Wednesday, January 02, 2013

The Muppet Babies: Bunsen in Menlo Park

Bunsen Honey Dew Muppet Babies


Muppet Baby Dr. Bunsen Honeydew in Thomas Edison's Menlo Park laboratory (scan courtesy of Muppet Wiki) as seen in the 1993 coloring book: The Muppet Babies Visit The 50 States. Thomas Edison is credited with creating the first industrial research lab in Menlo Park, NJ as well as gaining the patent for his advanced version of the light bulb in the U.S.

An animated TV show based on The Muppets sort of defeated the purpose. The magic of the Henson brand of puppetry was what made his characters come alive and leave such an impression on the world. Although they are pieces of felt and feathers, The Muppet characters always seemed to be more charismatic than other random puppets controlled by human hands. Each Muppet's personality was defined by their voices, their little specific gestures, and subtle nuances. Did the Muppet Babies take that all away?
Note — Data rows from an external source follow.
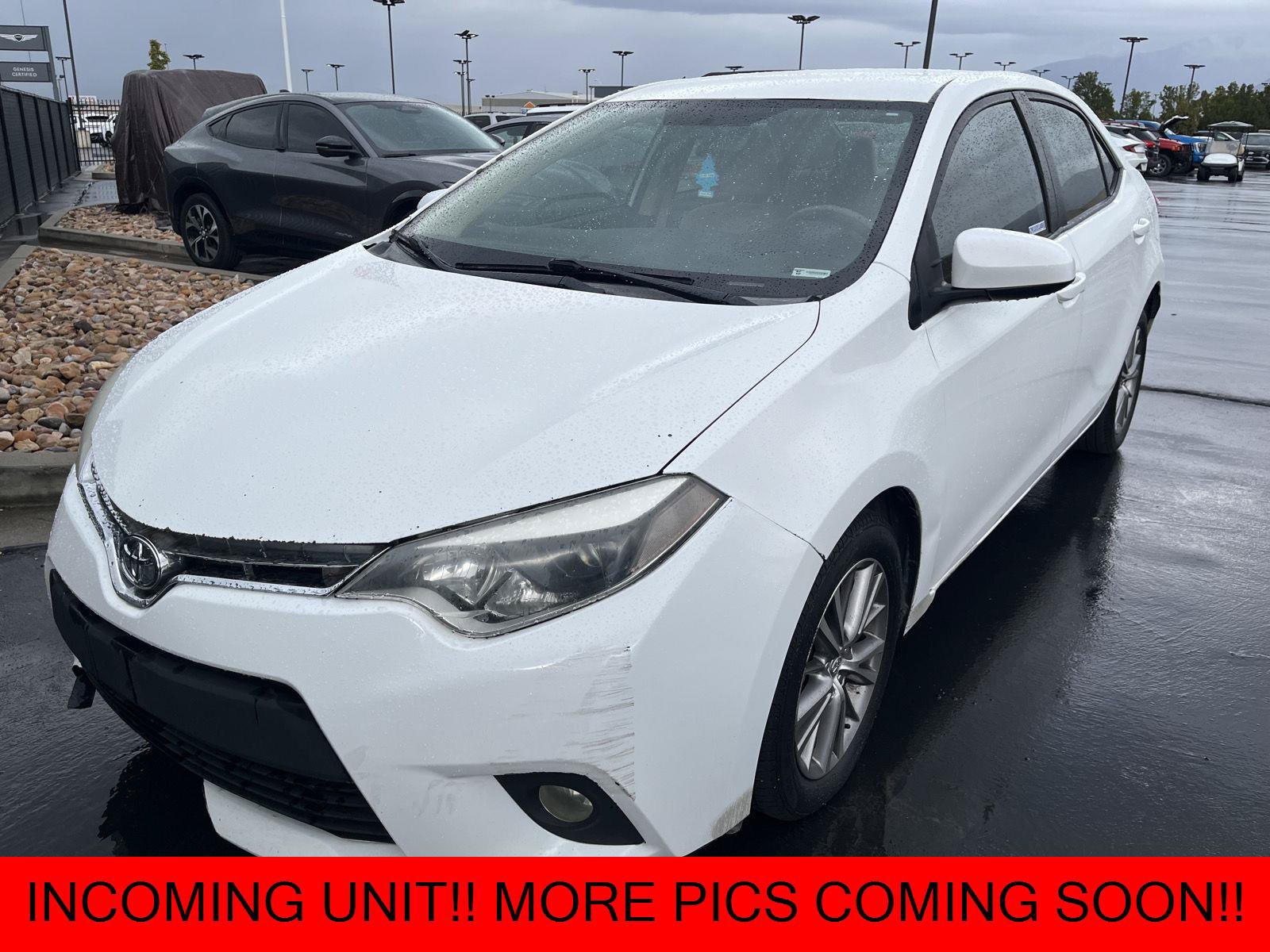Used 2014 Toyota Corolla LE FWD image 1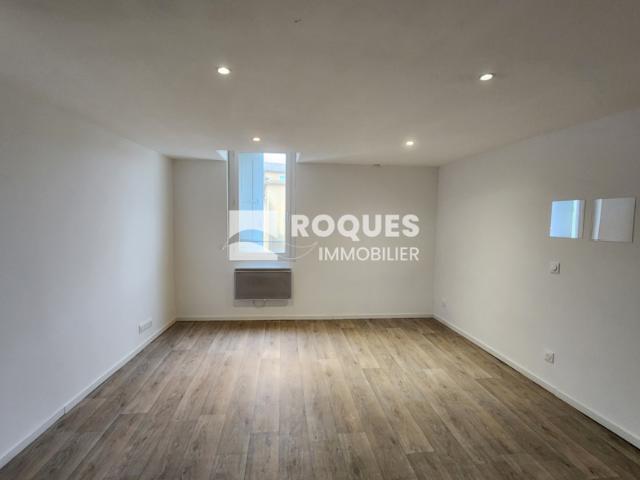 Lodève centre, studio au 3ème étage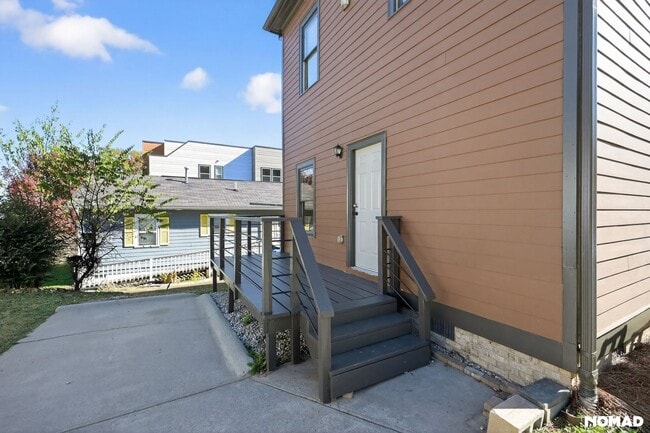 Building Photo - 237 Crumley St SW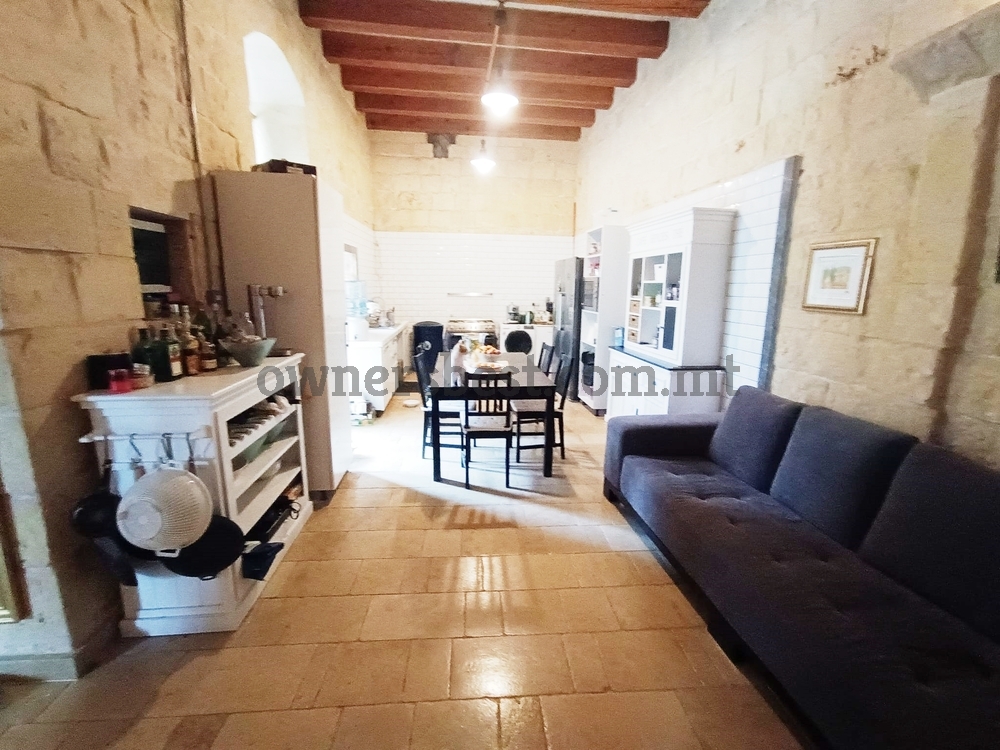 farmhouse-in-zabbar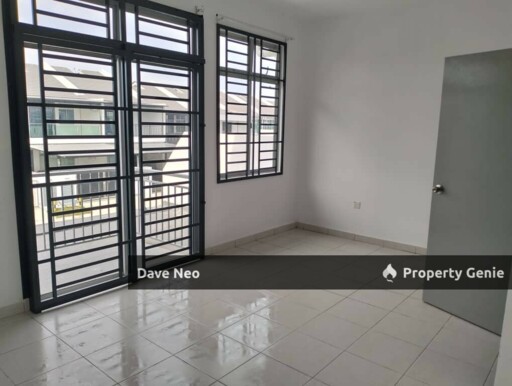 Taman Pulai Mutiara • 4Beds 3Baths • Partial Furnished • Gated & Guarded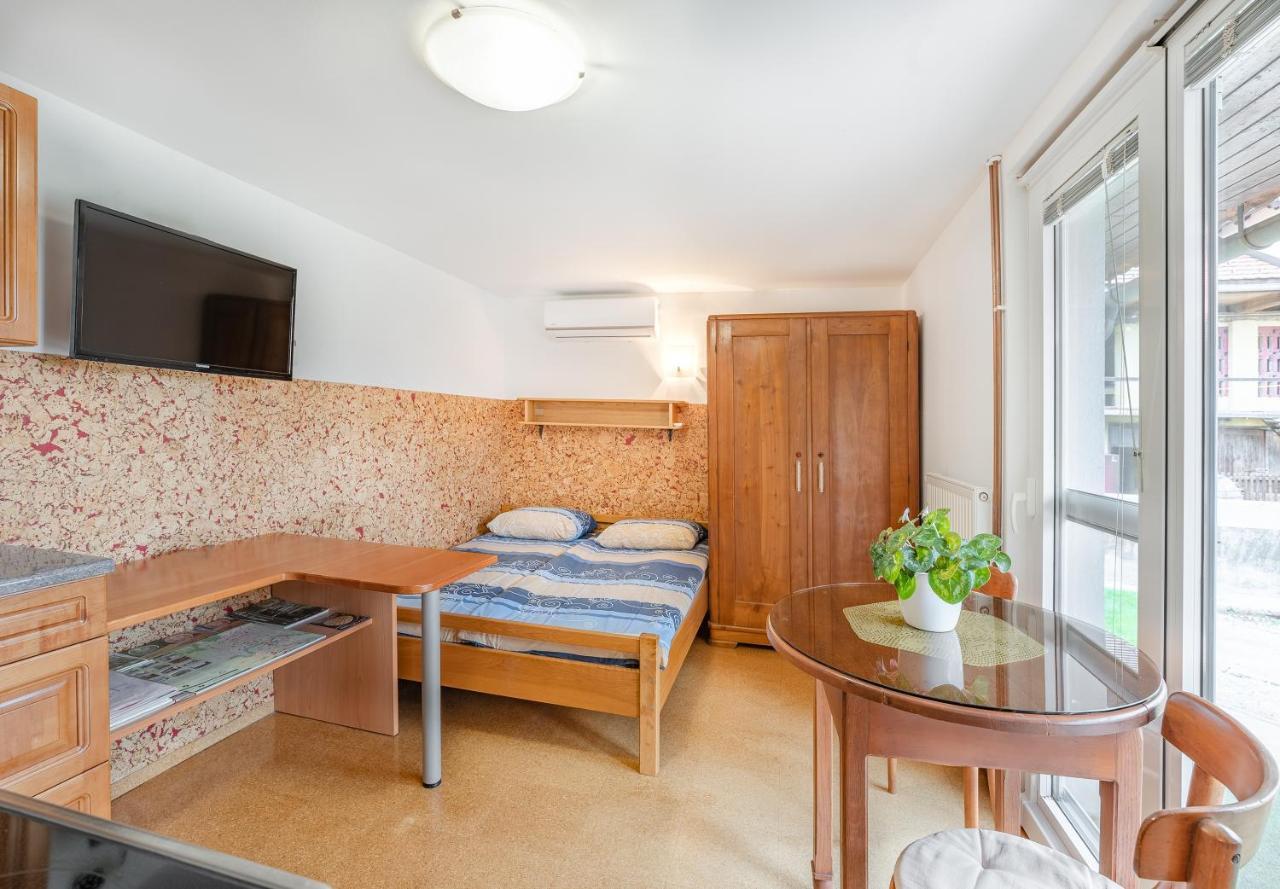 Fortun Estate - Apartmaji Ob Reki Kolpi Metlika Bagian luar foto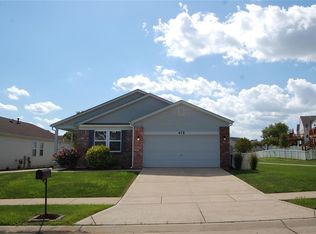 415 Red Coat Trl, O'Fallon, MO 63366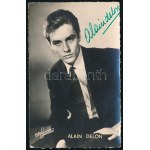 Alain Delon (1935-) francia színész aláírása az őt ábrázoló képen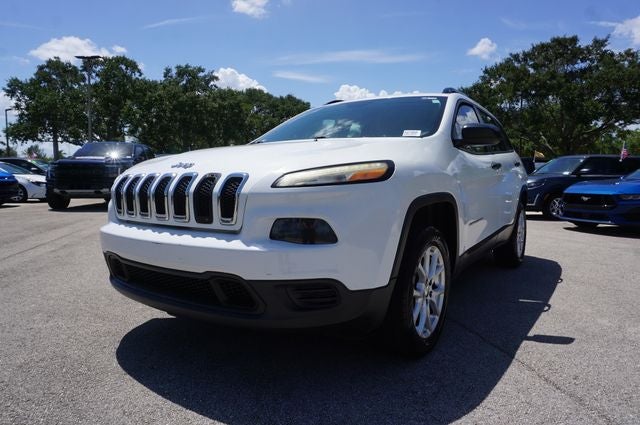 2016 Jeep Cherokee Sport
Sure there's been famous ventriloquists and comedians, but The Muppets are in class of their own. Animating them into a 2-D children's cartoon may not have seemed like the most grand idea for a bunch of puppets who previously had their own real-life variety show. Deciding to make them regress to Muppet Babies was an idea that was conceived in one of their live action films and remains way cooler looking 'til this day.

The comparison can be seen in the short sequence of The Muppets Take Manhattan (1984) when we first see the Muppets when they were babies. Using actual puppetry and effects, I always find this part of the film the most fascinating, and much more vivd and surreal than the animated show turned out. I'm sure it was cheaper to make an animated show rather than having to use actual puppeteers. The live action Muppet Babies can also be seen in the holiday special, The Muppet Family Christmas.
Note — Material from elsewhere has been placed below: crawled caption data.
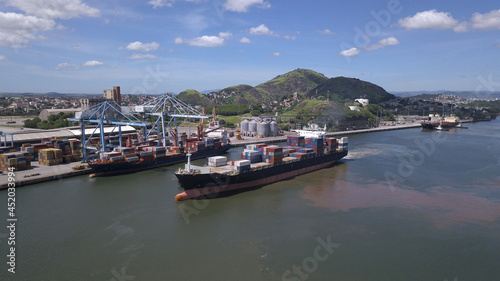 Manobra de navio cargueiro feita por rebocadores entre os portos de Vitória e Vila Velha, Espírito Santo, Brasil.
Ship handling. Using tug boats for manouevring a ship.
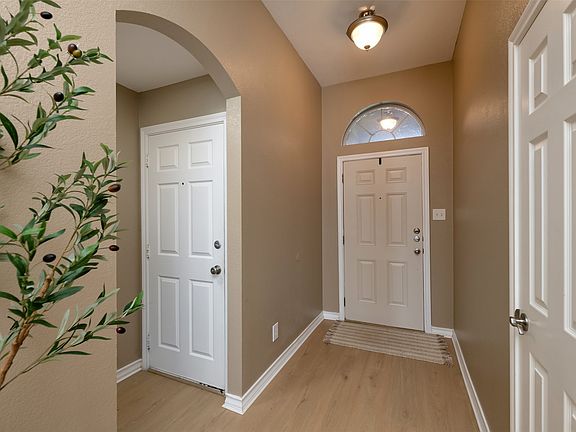 4th image of 1718 La Caya Dr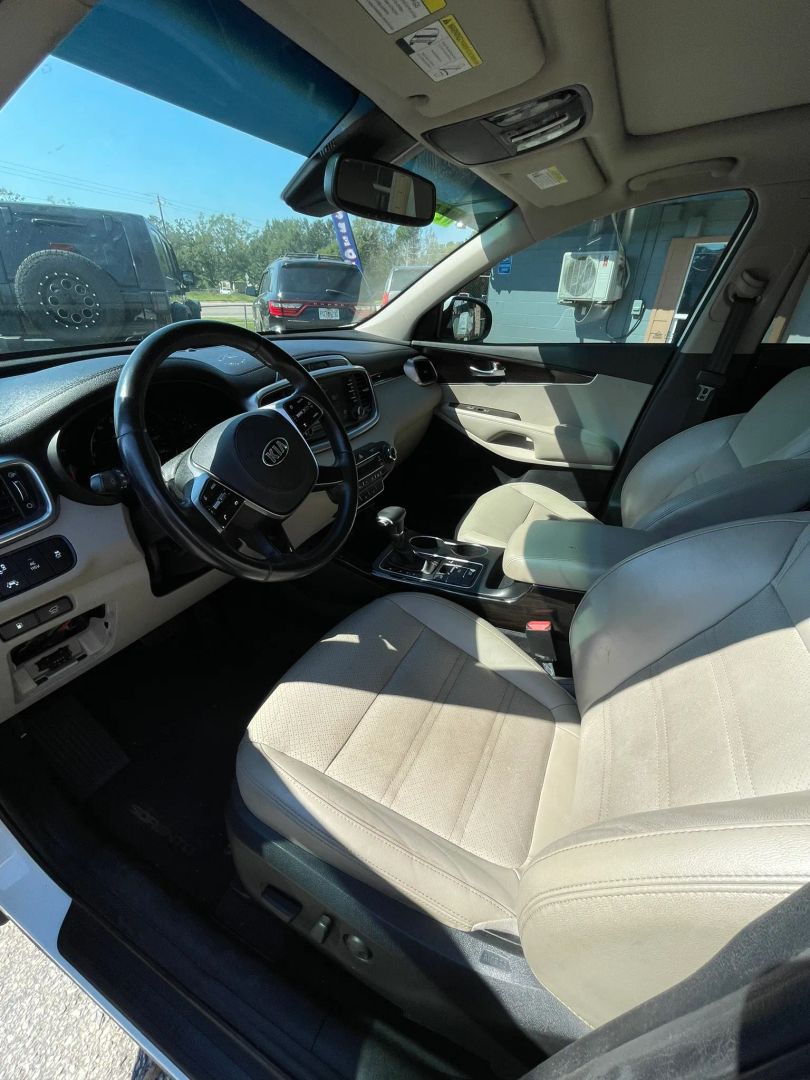 Photo 12 of this Kia Sorento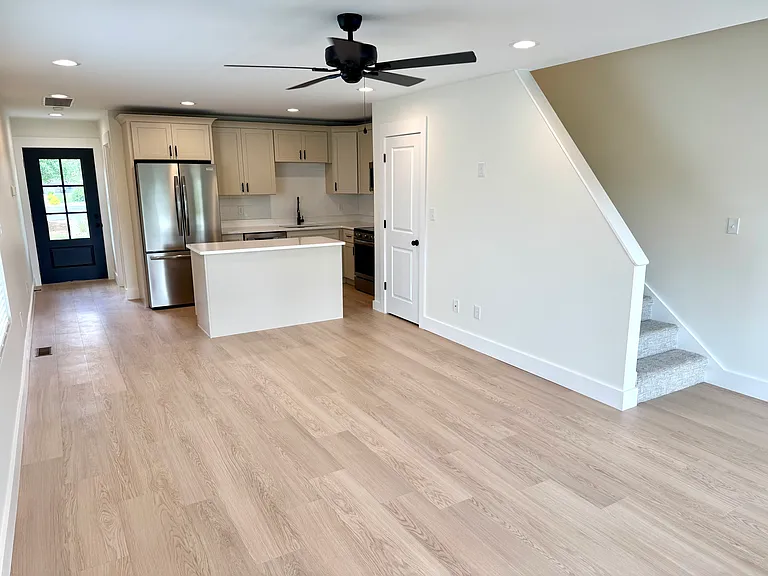 1326 Huntington Ave #B — Photo 14
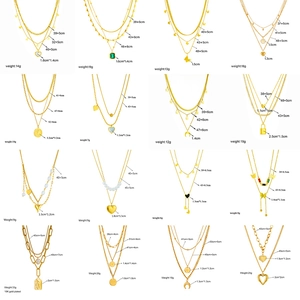 Grille détaillée de 16 colliers dorés multicouches avec perles, pièces et pendentifs papillon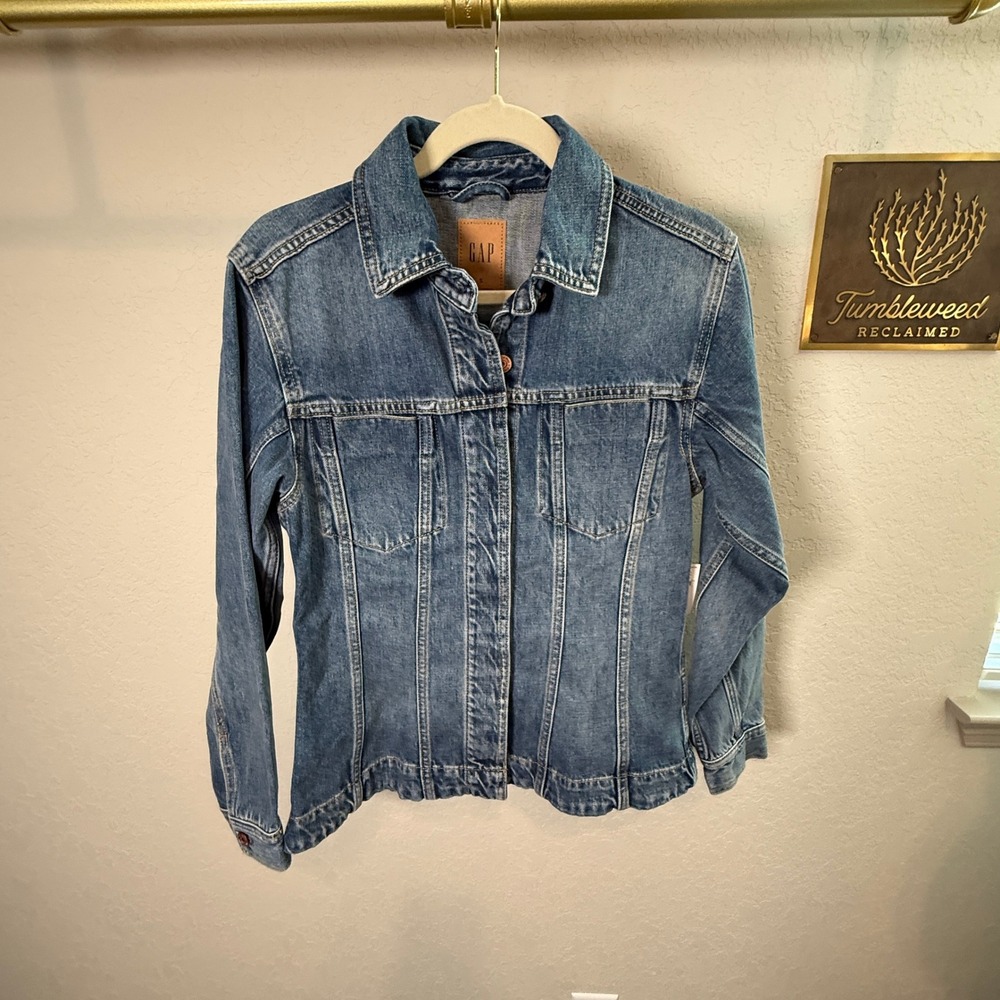 GAP Womens Medium Wash Denim Trucker Jacket Blue 100% Cotton Size S NWT - Picture 2 of 7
Aside from their regression to toddler age and their transformation to 2-D animation, Muppet Babies was a huge success. It's 8 season TV run is highlighted by winning four consecutive Daytime Emmy's.

As a kid, I loved watching The Muppet Show and Muppet Babies when it hit the airwaves. But, by 1993, Muppet Babies wasn't even a blip on my radar, but many kids around the world were discovering it for the first time. Although the show ended in 1991, two years later, merch featuring the characters was still being sold, which indicated that the property was still viable with children. During the '90s the show enjoyed long syndication runs on channels like Nickelodeon, Nick Jr., and Toon Disney among others. Throughout the mega crazes of Batman and Ninja Turtles, Muppet Babies stuck around for a while. The Muppets Babies had McDonald's tie-ins and comic books as well as a slew of other collectibles.
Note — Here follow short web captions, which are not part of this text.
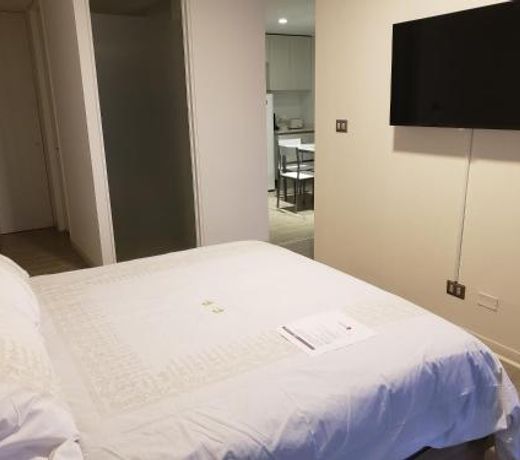 The Flat Apartments & Suites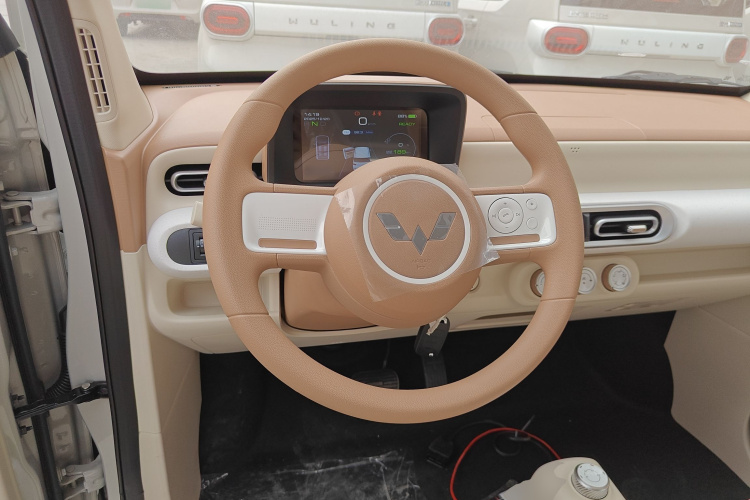 五菱汽车 宏光MINIEV 2024款 第三代 215km 青春版局部细节13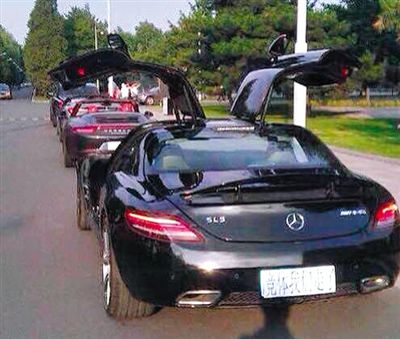 近日，一組“北體大畢業(yè)典禮豪車云集堪比車展”組圖在網(wǎng)絡(luò)爆紅。網(wǎng)絡(luò)截圖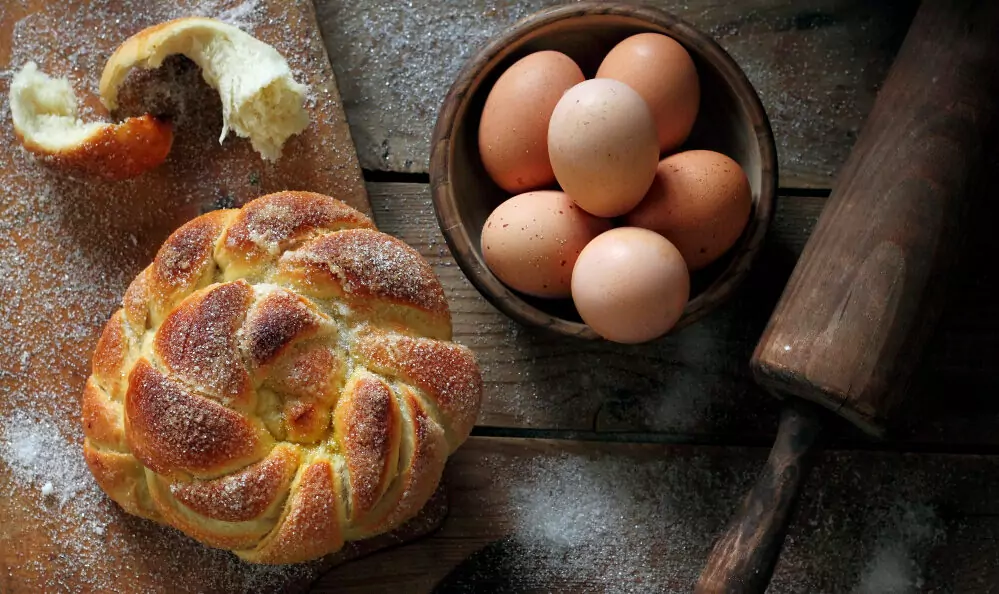 Меден козунак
In 1993, a coloring book called The Muppet Babies Visit The 50 States was released. It depicted all the Muppet Babies - each in different states across America. You can read more about this coloring book via this link at the Muppet Wiki. By far the most awesome entry is Animal at the top top top top... of the Empire State Building in New York City. Which one was your favorite?

1 comment:

Brian said...

I loved Muppet Babies way beyond the normal or appropriate age range to do so. I need to find this The Muppet Babies Visit The 50 States book ASAP. Great piece.